*** Opening of Records for this exercise ***

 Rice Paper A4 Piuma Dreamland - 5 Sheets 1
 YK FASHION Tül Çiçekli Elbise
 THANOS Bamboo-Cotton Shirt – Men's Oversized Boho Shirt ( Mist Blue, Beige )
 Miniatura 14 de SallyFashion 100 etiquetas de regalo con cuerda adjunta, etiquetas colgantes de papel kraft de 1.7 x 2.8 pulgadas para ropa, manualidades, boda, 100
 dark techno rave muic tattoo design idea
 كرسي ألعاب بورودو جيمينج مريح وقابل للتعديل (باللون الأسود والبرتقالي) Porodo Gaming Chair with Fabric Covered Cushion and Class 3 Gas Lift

*** Close of Records for this exercise ***
*** Opening of Records for this exercise ***

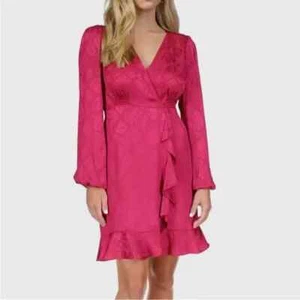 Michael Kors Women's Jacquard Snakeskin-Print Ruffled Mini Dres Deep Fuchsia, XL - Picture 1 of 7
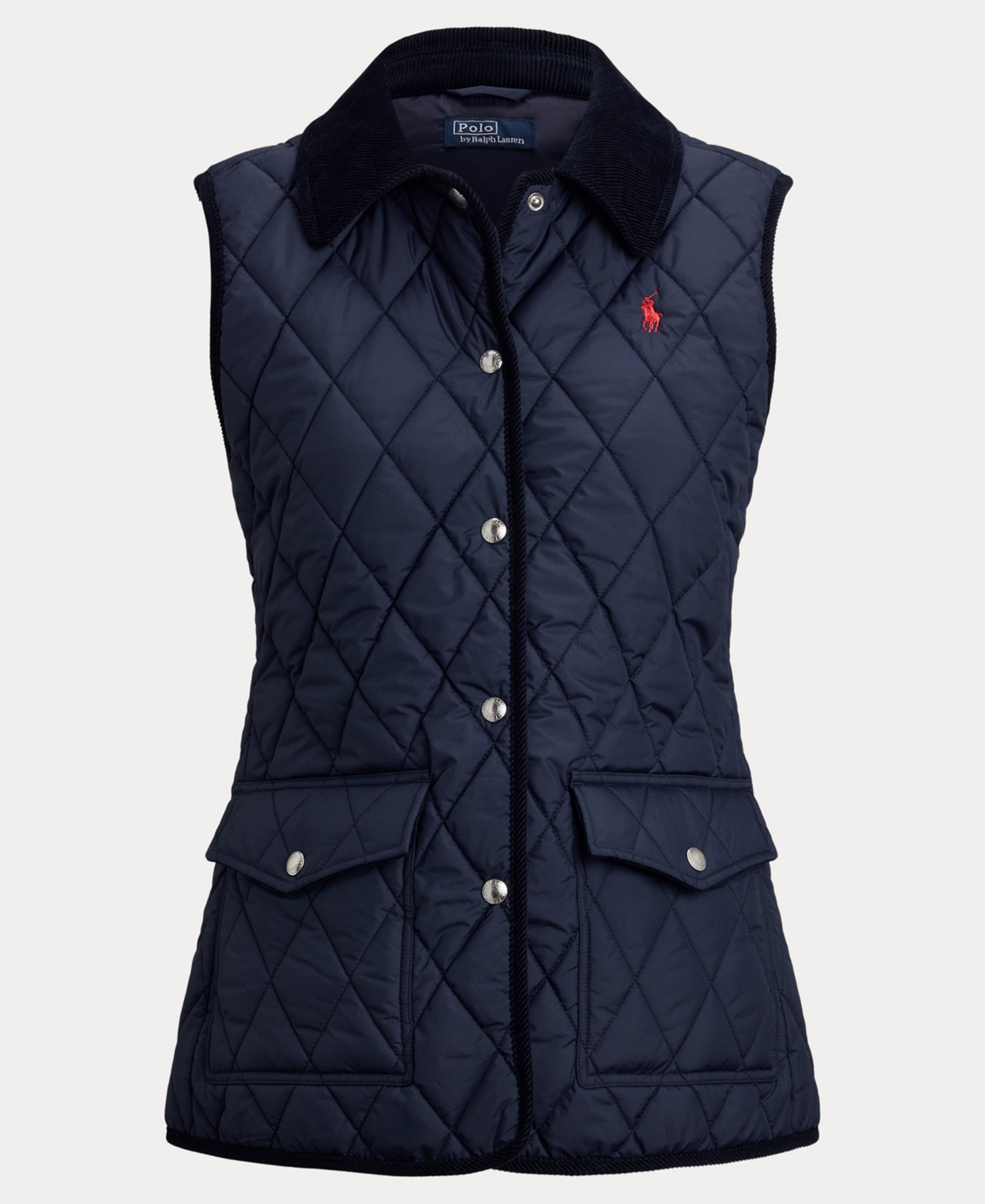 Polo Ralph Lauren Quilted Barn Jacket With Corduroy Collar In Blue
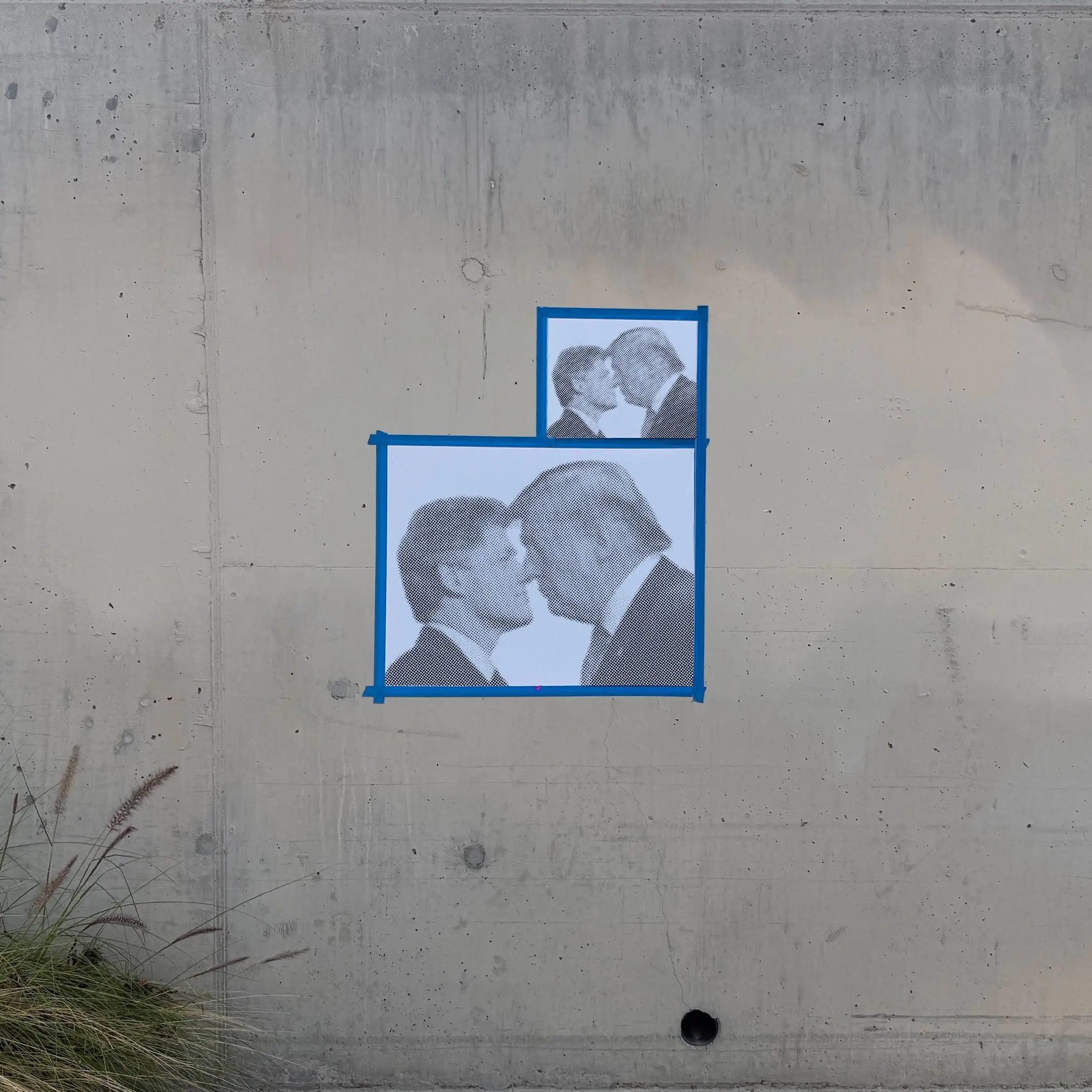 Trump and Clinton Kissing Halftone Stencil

*** Close of Records for this exercise ***

Out of the data above, set down the lines from the one with "Miniatura 14 de" to the one with "كرسي ألعاب بورودو", both included, exactly as written and with no additions.

 Miniatura 14 de SallyFashion 100 etiquetas de regalo con cuerda adjunta, etiquetas colgantes de papel kraft de 1.7 x 2.8 pulgadas para ropa, manualidades, boda, 100
 dark techno rave muic tattoo design idea
 كرسي ألعاب بورودو جيمينج مريح وقابل للتعديل (باللون الأسود والبرتقالي) Porodo Gaming Chair with Fabric Covered Cushion and Class 3 Gas Lift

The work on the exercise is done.